What should a woman wear to Court?
WHAT A WOMAN SHOULD WEAR TO COURT
You will be appearing at a court for a matter that is of great importance to you. It is, therefore, imperative that you wear appropriate clothing. The preferable attire is a dress or suit or a skirt and a blouse. You should not wear pants. Your clothing should be similar to that which you would wear to a religious occasion, not overstated and not casual. For shoes, you should wear plain pumps and nylons, not sandals or sneakers. If you are inclined to wear jewelry, it should not be expensive jewelry and the jewelry should be kept at a bare minimum. Simple earrings are acceptable, an inexpensive watch is acceptable and no more than one ring should be worn.
In Massachusetts the courtroom has microphones and if you have occasion to speak, please be aware that the microphones do not amplify, but they merely record the proceeding. You should respond to the Judge by speaking clearly and should always stand up when speaking with the Judge. If you nod your head, the microphone cannot record that. You must, therefore, answer in the affirmative or in the negative with a clear yes or no. The courts do not allow speaking in the courtroom while other matters are being heard and no one is allowed to read any paperwork other than court documents.

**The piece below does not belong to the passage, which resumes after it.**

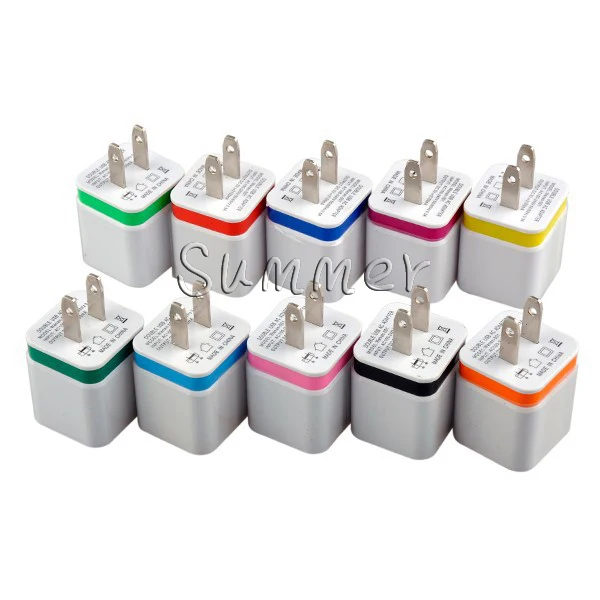 200 шт./лот стены Зарядное устройство Travel Adapter для iPhone 5 В/1A красочные дома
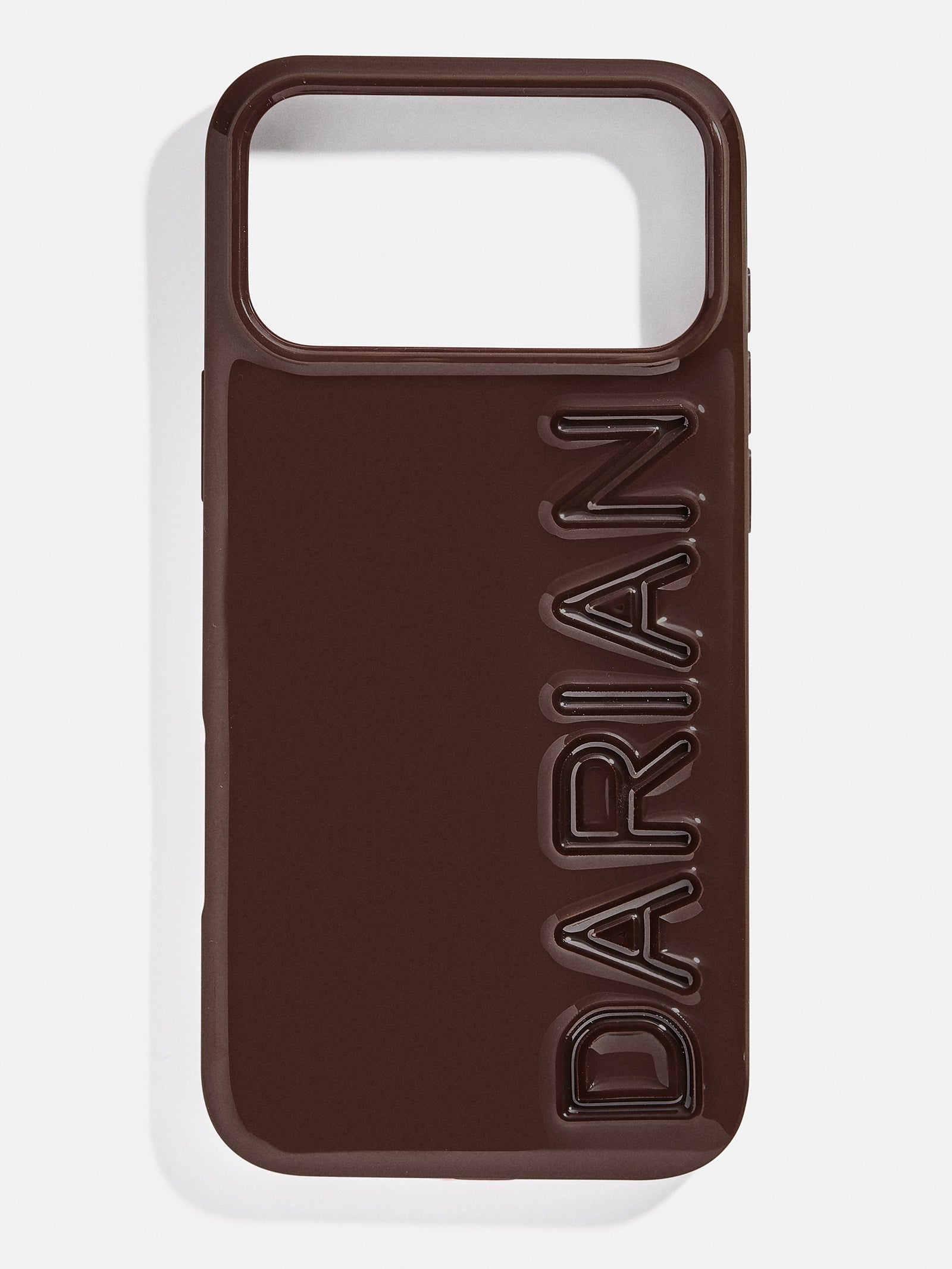 Fine Line Custom iPhone Case - Dark Brown/Dark Brown-Blues Comming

It is important that you do not wear any perfume in case the Judge is allergic to it. We try to anticipate avoiding any negative reactions that can be avoided. Be sure not to bring a pocketknife, nail clippers or any other sharp implement, which may set off the metal detector through which you must enter at the courthouse. Also, increasingly in the courts due to heightened security, the court officer will confiscate any cameras, or cell phones or palm pilots with a camera feature, and retain the camera (cell phone or palm pilot with a camera feature) until 5:00 P.M. causing you possible inconvenience. We recommend that you do not bring anything with a camera feature with you to court. If you bring a cell phone, you must turn it off before you enter the courtroom because if it rings while court is in session, some judges are quite severe in their reaction.